▸ Goal of the exercise: Only an exact repetition of the lines from the one holding "1 dormitorio con" to the end of the data is wanted, with pictures left out.

▸ Crawled caption data:
########################################

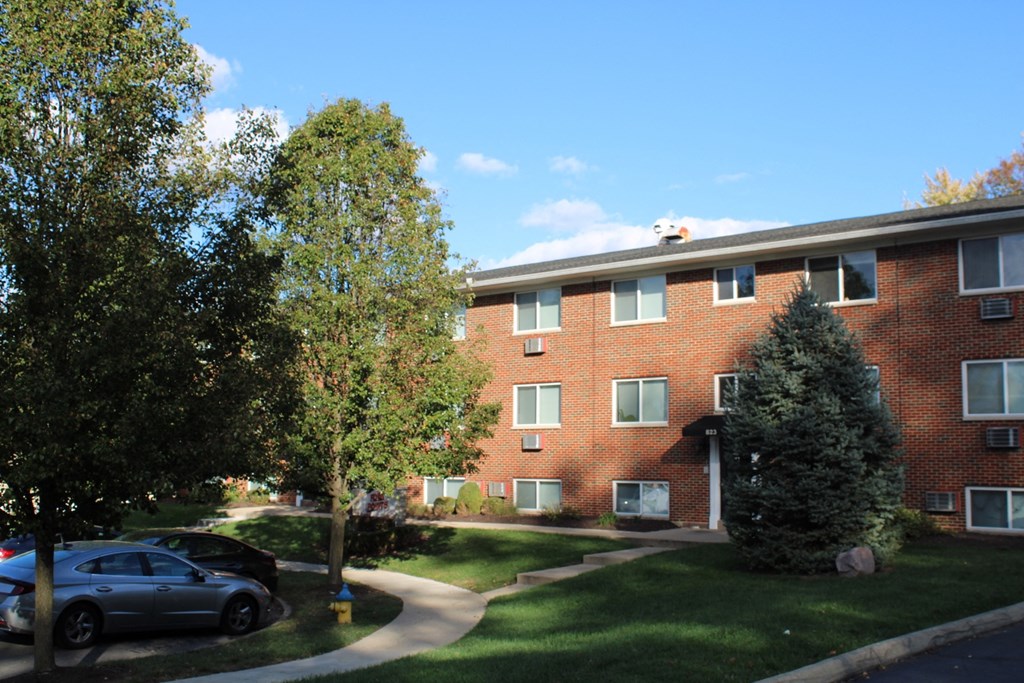 A red brick building with a tree in front of it.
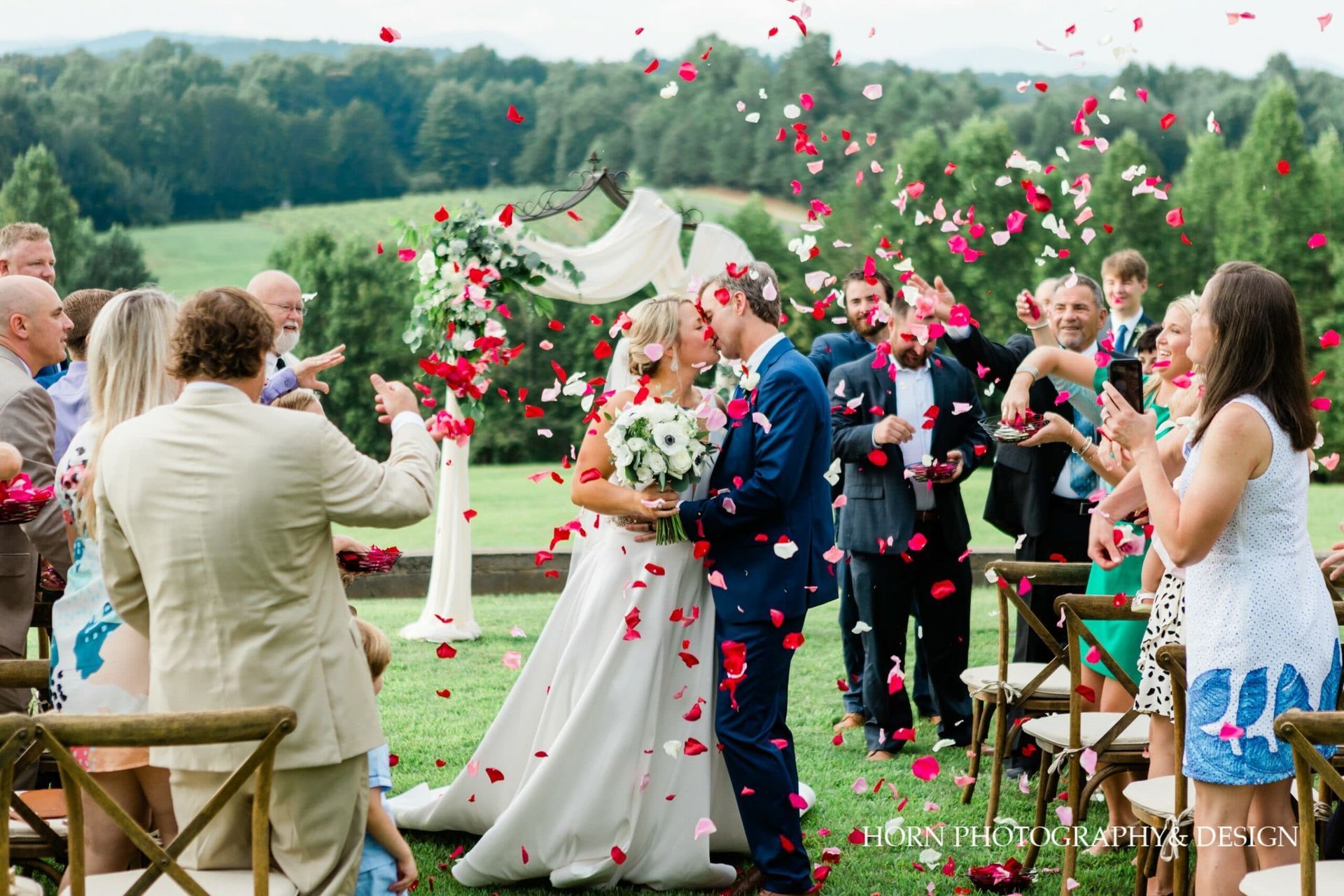 A bride and groom are kissing while their wedding guests throw confetti at them.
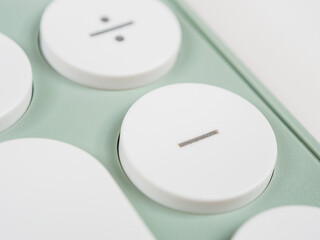 minus “-” key on a calculator, representing the subtraction operation.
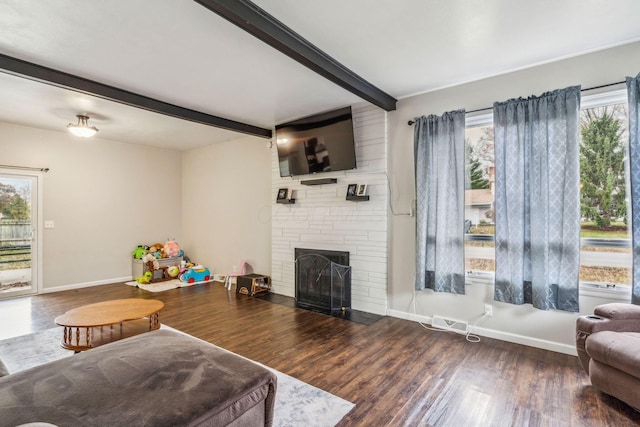 living room with beamed ceiling, dark hardwood / wood-style flooring, and a fireplace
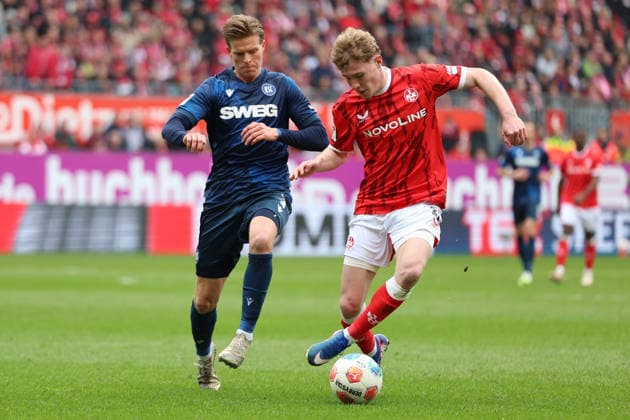 15.03.2026, xrekx, Fussball 2.Bundesliga, 1.FC Kaiserslautern - Karlsruher SC v.l. Dzenis Burnic (Karlsruher SC) Mika Haas (1.FC Kaiserslautern) Zweikampf, Aktion, action, battle for the ball (DFL DFB REGULATIONS PROHIBIT ANY USE OF PHOTOGRAPHS as IMAGE SEQUENCES and or QUASI-VIDEO) Kaiserslautern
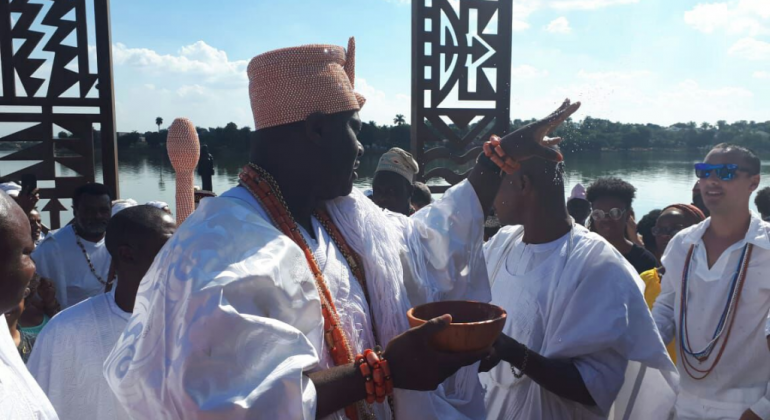 Rei da cidade nigeriana de Ifé asperge água sobre as pessoas na Pampulh. Rei usa turbante e roupa branca.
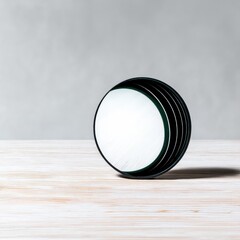 A circular object with black edges is resting on a wooden table, casting a shadow against a neutral gray background. The lighting is soft and even.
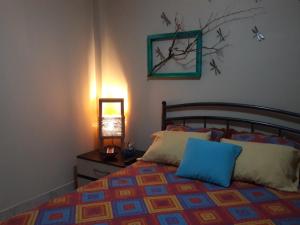 1 dormitorio con 1 cama y 1 mesa con lámpara en Villa de María, en Guayaquil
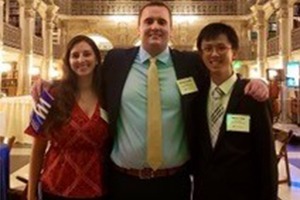 Three people dressed in business casual attire stand together.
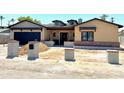 Newly constructed single Gathering home with modern design elements and landscaping features in a vibrant neighborhood at 3028 N 47Th St, Phoenix, AZ 85018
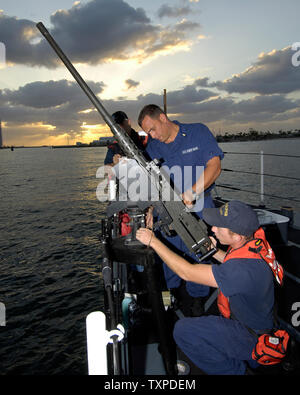 As the sun rises on the US Coast Guard Cutter 'Dolphin', Chief Tobin (c) and Seaman Carson (r) mount one of two 50 caliper machine guns. The US Coast Guard is providing security for the arrival of US and Canadian Naval vessels for 'Fleet Week USA' at Port Everglades in Ft. Lauderdale, Fla. on May 1, 2006. (UPI Photo/Joe Marino - Bill Cantrell) Stock Photo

########################################

▸ Result for this exercise:
 1 dormitorio con 1 cama y 1 mesa con lámpara en Villa de María, en Guayaquil
 Three people dressed in business casual attire stand together.
 Newly constructed single Gathering home with modern design elements and landscaping features in a vibrant neighborhood at 3028 N 47Th St, Phoenix, AZ 85018
 As the sun rises on the US Coast Guard Cutter 'Dolphin', Chief Tobin (c) and Seaman Carson (r) mount one of two 50 caliper machine guns. The US Coast Guard is providing security for the arrival of US and Canadian Naval vessels for 'Fleet Week USA' at Port Everglades in Ft. Lauderdale, Fla. on May 1, 2006. (UPI Photo/Joe Marino - Bill Cantrell) Stock Photo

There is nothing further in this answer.